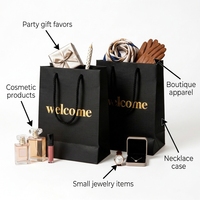 Sacs cadeaux en papier noir premium FB23 avec gaufrage doré « Bienvenue » pour les cadeaux de fête et les cadeaux d'événements
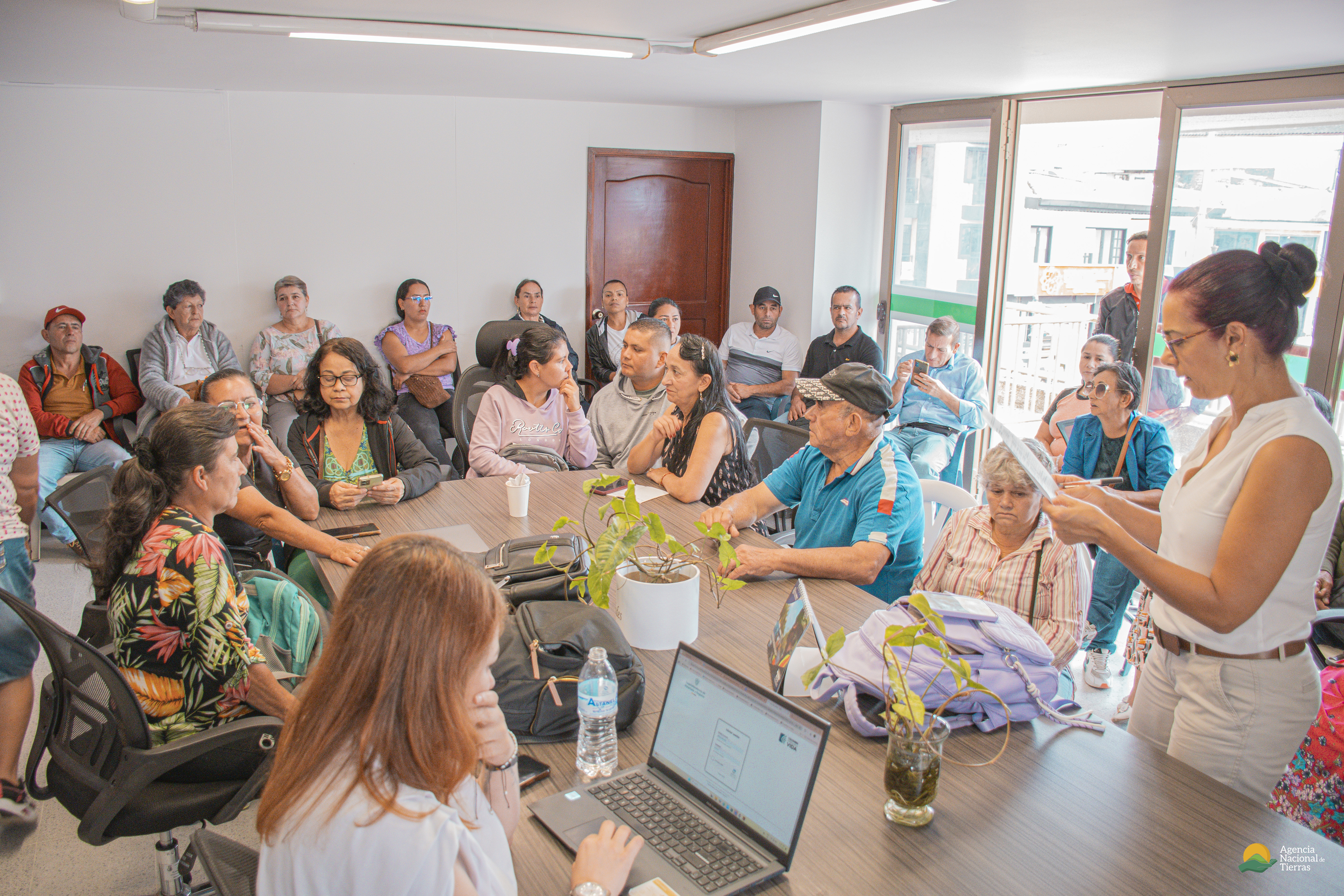 un-grupo-de-personas-sentadas-alrededor-de-una-mesa-con-computadoras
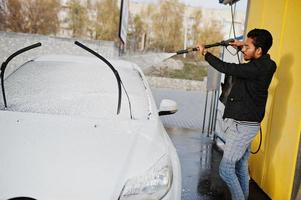 homem do sul da Ásia ou homem indiano lavando seu transporte branco na lavagem de carros. foto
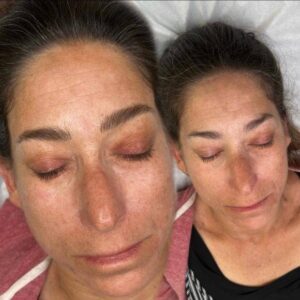 A woman with her eyes closed and another woman with her face down.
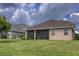 Back view of house, showcasing landscaping at 12423 23Rd E St, Parrish, FL 34219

What you need to do: No picture should be included when the data are set down again exactly.

Result of the exercise:
 Sacs cadeaux en papier noir premium FB23 avec gaufrage doré « Bienvenue » pour les cadeaux de fête et les cadeaux d'événements
 un-grupo-de-personas-sentadas-alrededor-de-una-mesa-con-computadoras
 homem do sul da Ásia ou homem indiano lavando seu transporte branco na lavagem de carros. foto
 A woman with her eyes closed and another woman with her face down.
 Back view of house, showcasing landscaping at 12423 23Rd E St, Parrish, FL 34219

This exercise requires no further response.